:: EXERCISE DATA ::
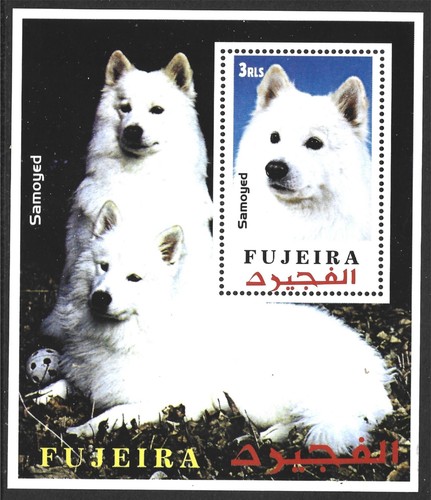 Fujeira samoyed dog mnh m - samoyed, m/s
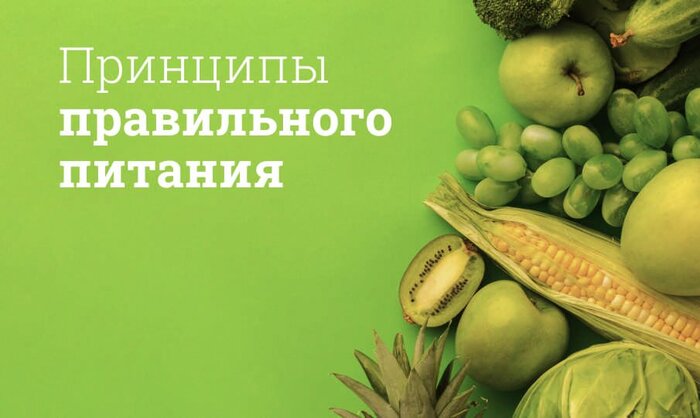 С чего начать правильное питание для похудения: индивидуальный план, кето и реальные результаты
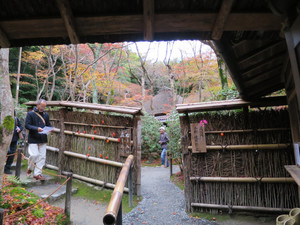 Img_1114 Img_1114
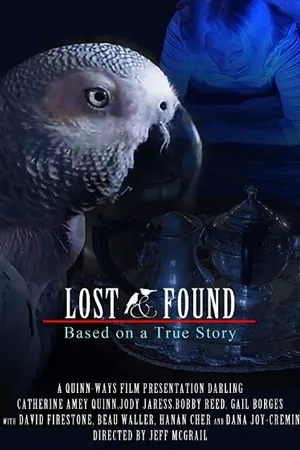 Постер к фильму 48 hour Lost & Found (2020 IV) (2020)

:: INSTRUCTIONS FOR THE TASK ::
Retype the listing exactly. Leave the pictures out.

:: RESPONSE TO THIS TASK ::
 Fujeira samoyed dog mnh m - samoyed, m/s
 С чего начать правильное питание для похудения: индивидуальный план, кето и реальные результаты
 Img_1114 Img_1114
 Постер к фильму 48 hour Lost & Found (2020 IV) (2020)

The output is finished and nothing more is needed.